### Material provided
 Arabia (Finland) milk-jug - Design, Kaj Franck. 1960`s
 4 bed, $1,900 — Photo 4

---

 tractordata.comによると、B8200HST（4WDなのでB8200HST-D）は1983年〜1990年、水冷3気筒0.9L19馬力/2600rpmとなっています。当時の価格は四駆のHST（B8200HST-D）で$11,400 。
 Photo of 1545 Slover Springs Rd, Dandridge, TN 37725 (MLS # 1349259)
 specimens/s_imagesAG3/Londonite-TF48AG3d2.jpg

### Task statement
Only the lines above starting at the line that holds "Arabia (Finland) milk-jug" and ending at the line that holds "4 bed, $1,900 — Photo 4" are to be repeated, exactly and in full.

### Result of this exercise
 Arabia (Finland) milk-jug - Design, Kaj Franck. 1960`s
 4 bed, $1,900 — Photo 4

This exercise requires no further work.